Have the fears of children losing their racial identities been borne out? Research on this issue has been somewhat mixed. Some studies have shown that a relatively low percentage of young black children adopted by white families have problems with racial identity.8 Several studies have found that preschool children involved in transracial adoptions are as well adjusted as children from same-race adoptions.9 Studies that have followed transracially adopted children from infancy until well beyond adolescence have found that, despite periodic racial name-calling at school and in other public situations, these individuals do not have problems identifying as black Americans, are well-adjusted for the most part, and show good to very good self-esteem.10

Beyond the level of individual adjustment, though, the broader problem of cultural heritage remains. White adoptive parents have been known to minimize or ignore the racial identity of their children, considering parenthood and family more important than race.11 In a study of 30 adolescent black children adopted by white parents, only 10 of them identified themselves as black; 6 said they were "mixed," and the rest tried to avoid a racial identity altogether by saying they were "human" or "American."12

Not only does the issue of transracial adoption provide an interesting example of cultural loyalty and protection, it also shows conflicting institutional functions. Transracial adoption is as much about cultural conceptions of what the family's role in society ought to be as it is about race. Traditionally, one of the important functions of the family has been to offer unqualified emotional support, nurturing, and protection to its members. But the family is also supposed to provide its members with cultural instruction and a sense of racial, ethnic, or religious identity.
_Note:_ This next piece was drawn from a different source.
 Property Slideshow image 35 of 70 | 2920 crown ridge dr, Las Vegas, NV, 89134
The difficulty we face as a society is deciding which of these functions should take precedence. The difficulty we face as students of sociology is reconciling our human concern for individual children with our scientific concern for multiple points of view.
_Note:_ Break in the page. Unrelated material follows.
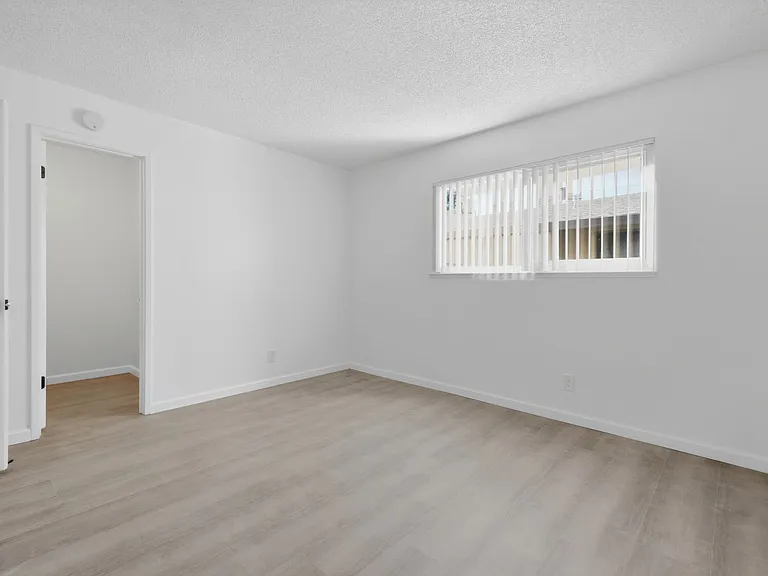 1421 Drake Drive — Photo 11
1Adamec, C., & Pierce, W. L. 1991. The encyclopedia of adoption. New York: Facts on File.

2Davis, F. J. 1991. Who is black? University Park: Pennsylvania State University Press.
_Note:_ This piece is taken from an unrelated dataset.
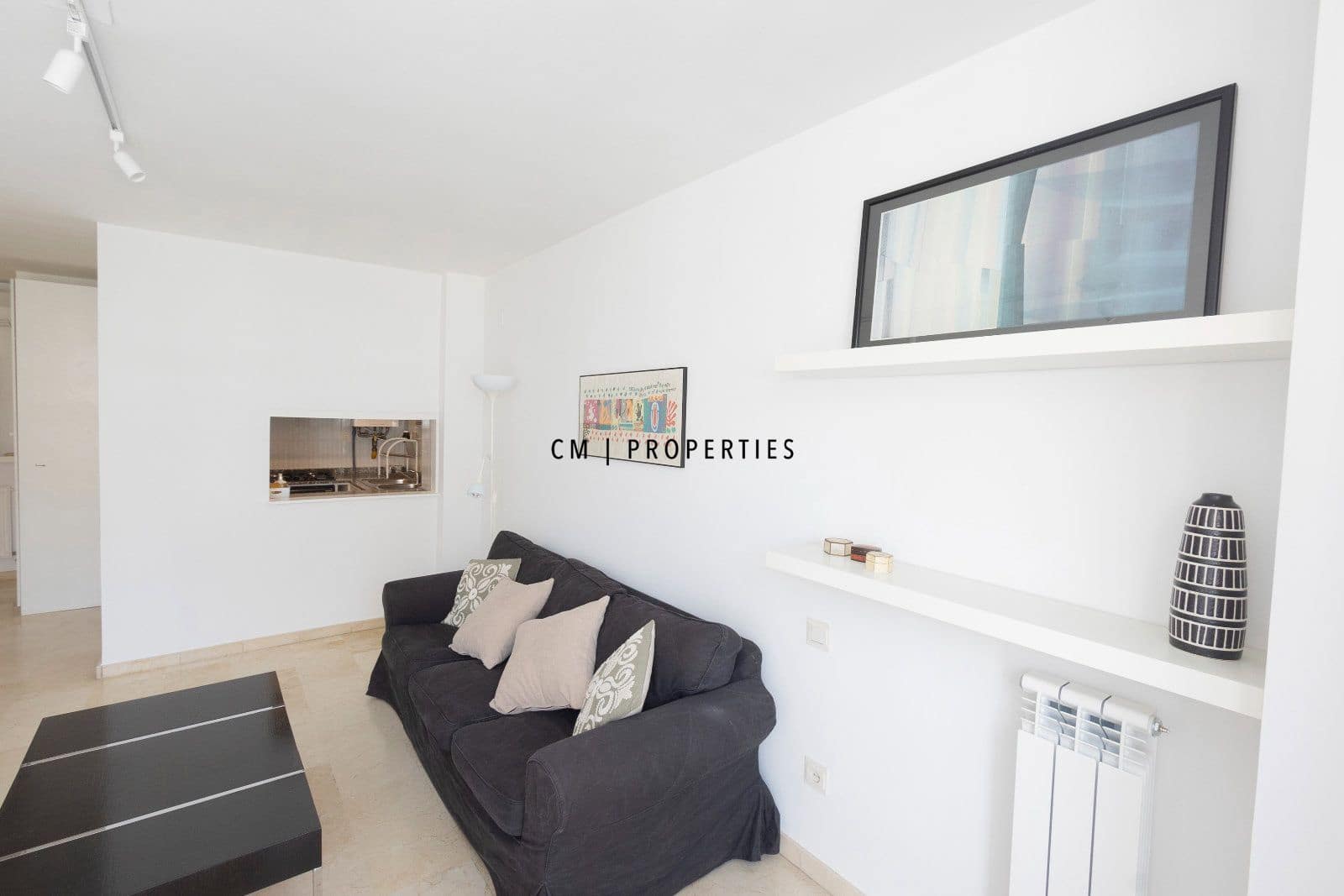 2 bedroom Flat for rent in Valencia city with garage - € 2,000 (Ref: 9807098)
3Egan, T. 1993. "A cultural gap may swallow a child." New York Times, October 12.

4Schmitt, E. 1996. "Adoption bill facing battle over a provision on Indians." New York Times, May 8, p. C18.

5Davis, F. J. 1991. Who is black? University Park: Pennsylvania State University Press.

6Ladner, J. 1978. Mixed families: Adopting across racial boundaries. Garden City, NY: Anchor Press.

7Adamec, C., & Pierce, W. L. 1991. The encyclopedia of adoption. New York: Facts on File. See also Davis, F. J. 1991. Who is black? University Park: Pennsylvania State University Press.

8See, for example, Feigelman, W., & Silverman, A. B. 1984. "The long-term effects of transracial adoption." Social Service Review, 58, 588-602.

9Shireman, J. F., & Johnson, P. R. 1986. "A longitudinal study of black adoptions: Single parent, transracial and traditional." Social Work, 31, 172-176. See also Zastrow, C. 1977. Outcome of black children-white parents transracial adoptions. San Francisco: R & E Research Associates.

10Simon, R., Alstein, H., & Melli, M. S. 1994. The case for transracial adoption. Washington, DC: The American University Press. See also Vroegh, K. S. 1997. "Transracial adoptees: Developmental status after 17 years." American Journal of Orthopsychiatry, 67, 568-575.

11Ladner, J. 1978. Mixed families: Adopting across racial boundaries. Garden City, NY: Anchor Press.

12McRoy, R. G., & Zurcher, L. A. 1983. Transracial and inracial adoptees: The adolescent years. Springfield, IL: Charles Thomas.